The main morbidity associated with Henoch-Schonlein purpura (HSP) results from glomerulonephritis and associated renal symptoms; thus early and accurate diagnosis would have follow-up implications.

To determine the strength of association of IgA vascular deposition with HSP in a mostly adult and hospital-based population.

We retrospectively analyzed patients with a histologic diagnosis of cutaneous leukocytoclastic vasculitis (LCV) and corresponding direct immunofluorescence (DIF) studies between 2000 and 2010. European League Against Rheumatism criteria were used to diagnose HSP cases clinically. They are purpura or petechiae with lower limb predominance plus at least one of the following: abdominal pain, LCV or proliferative glomerulonephritis with predominant IgA deposit, arthritis/arthralgia, or proteinuria or hematuria.

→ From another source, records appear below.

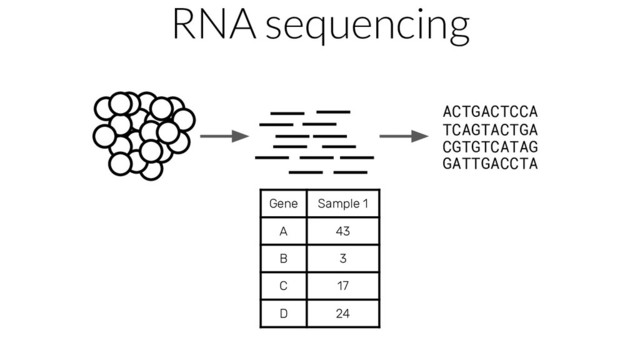 ACTGACTCCA
TCAGTACTGA
CGTGTCATAG
GATTGACCTA
Gene Sample 1
A 43
B 3
C 17
D 24
RNA sequencing
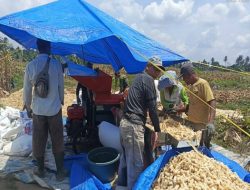 Polsek Bosar Maligas Monitoring Penggilingan 8,4 Ton Jagung di Nagori Parbutaran, Dukung Program Ketahanan Pangan Presiden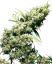 Sensi Seeds Semințe de canabis Jamaican Pearl® feminizate, 3-10 buc.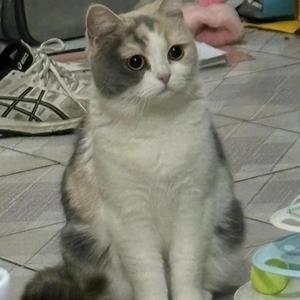 栀子说动漫 头像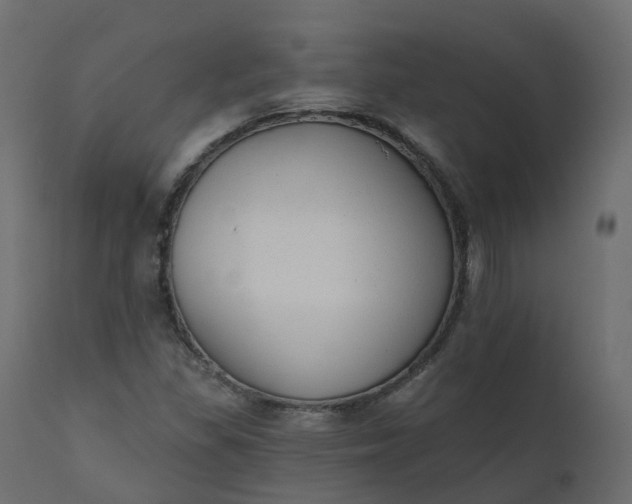 X0000110721309200906261446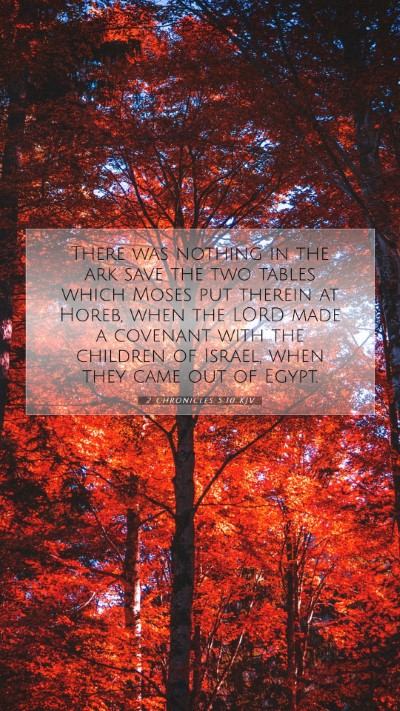 Picture 07 - 2 Chronicles 5:10 KJV Mobile Phone Wallpaper - There was nothing in the ark save the two tables - Mobile Bible Verse Wallpaper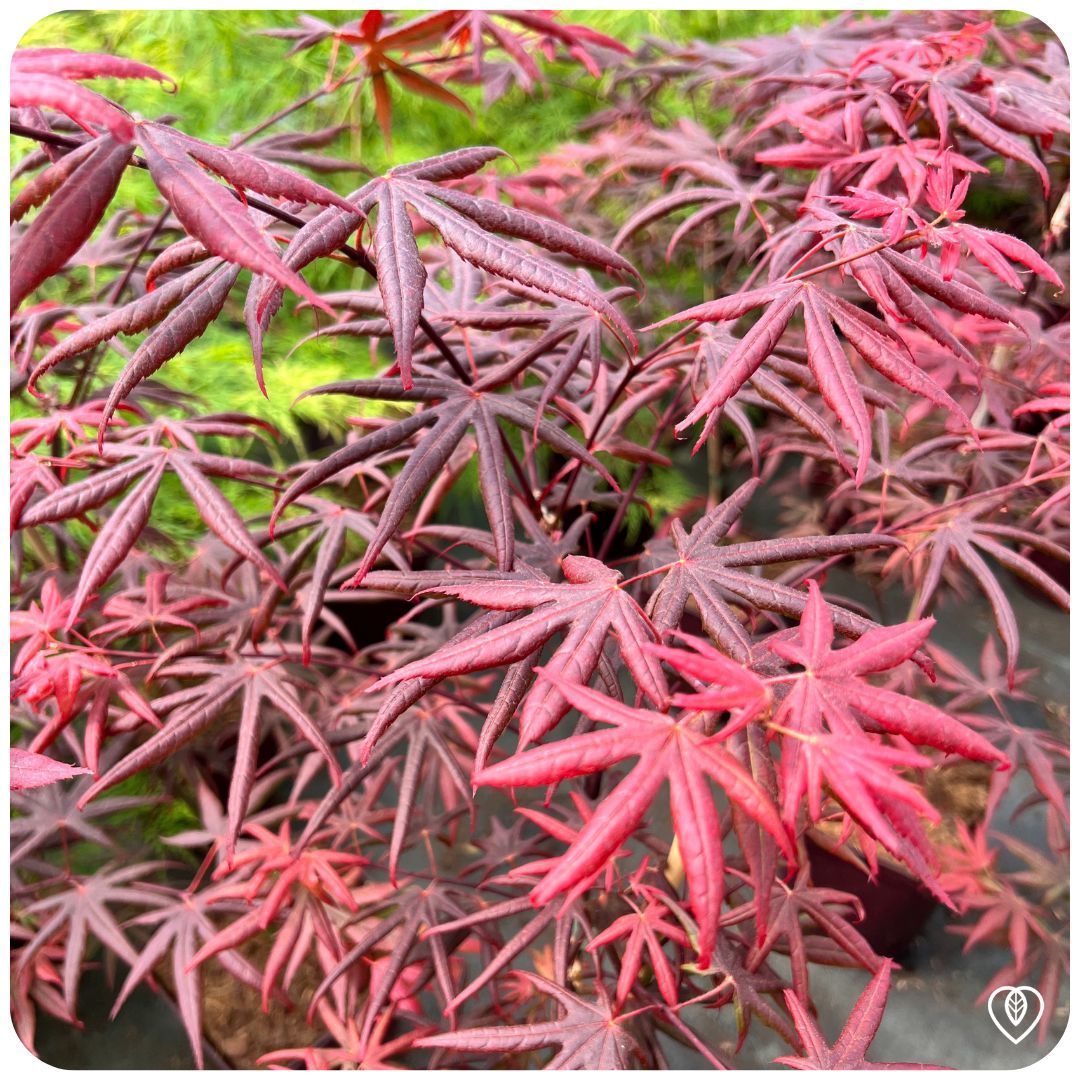 IMFG-acer-erable-du-japon-starfish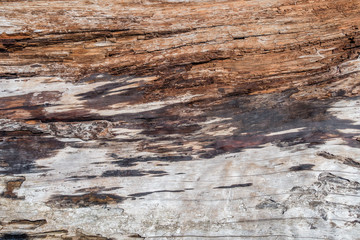 Driftwood Background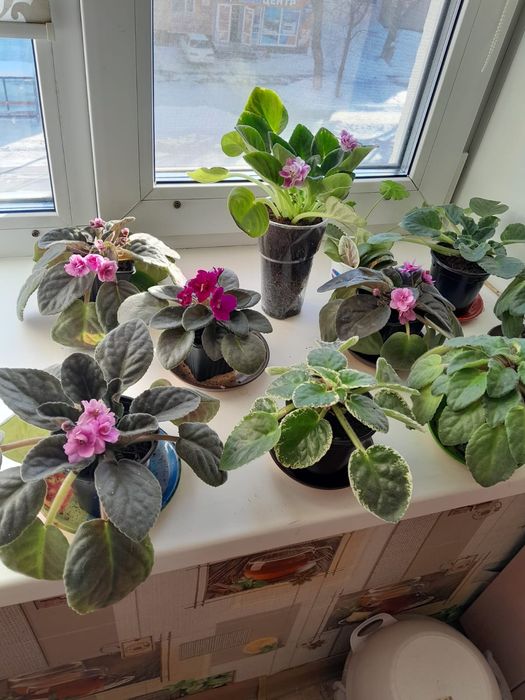 Фиалка домашняя 2000тг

IgA positivity was significantly associated with HSP (P = .0001), and yielded sensitivity of 81% and specificity of 83%. Positive predictive value of IgA staining for HSP was 84%, and negative predictive value was 81%. No other histologic features were significantly associated with HSP.

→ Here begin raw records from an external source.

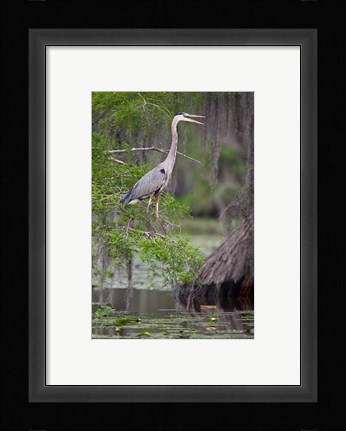 Framed Great Blue Heron bird, Caddo Lake, Texas Print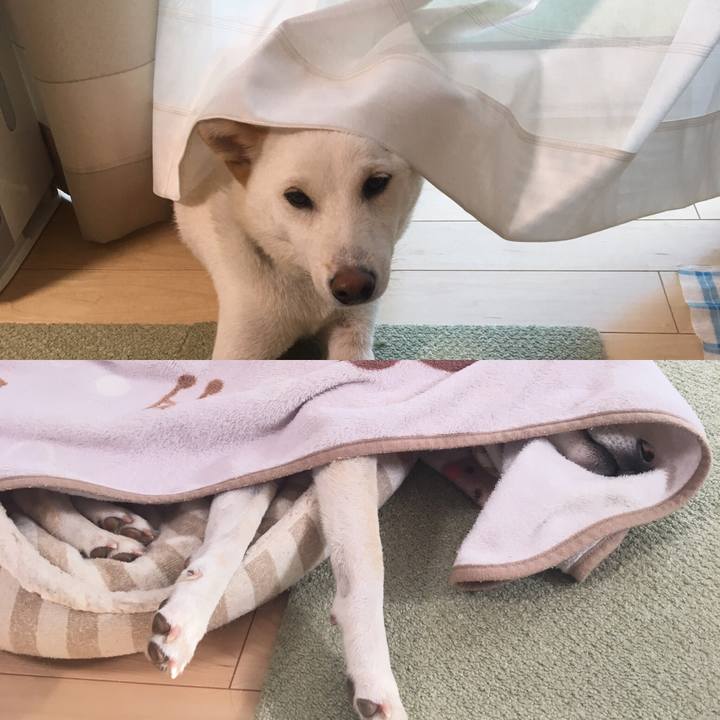 2e9944f8 51bc 41f9 bdd4 42625ff23a95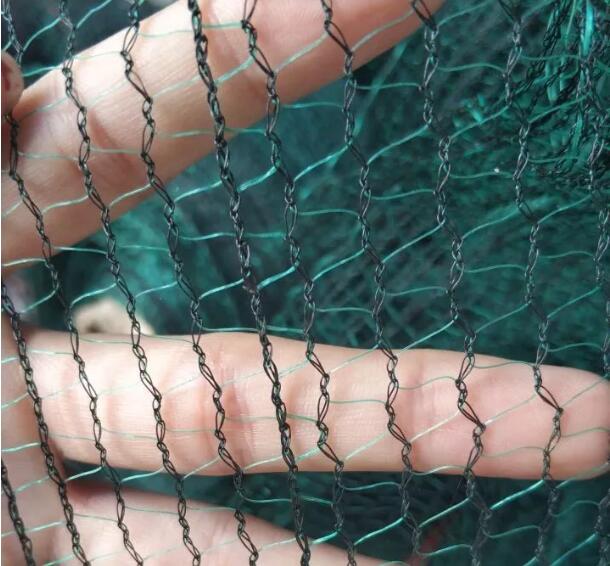 δίχτυ ελιάς9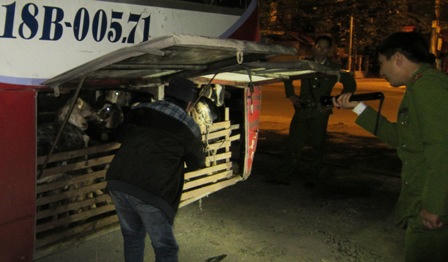  Quảng Bình bắt giữ xe khách ngăn chuồng chở… cừu, dê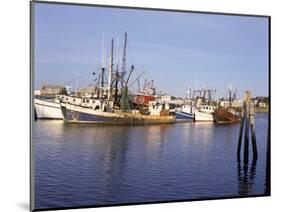 Fishing Boats, Hyannis Port, Cape Cod, Massachusetts, New England, USA-Walter Rawlings-Mounted Photographic Print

Our sample size was relatively small and mostly an inpatient population (79%). We may have missed cases of HSP and a subset of IgA+ LCV patients who did not have clinical findings of HSP by limiting our series to only cases with DIF studies done. Certain clinical data may be incomplete since they were collected retrospectively.

Our study confirms a strong association between IgA deposits on DIF and HSP, but also highlights a subset of HSP cases in which vascular IgA deposition in the skin appears to be negative.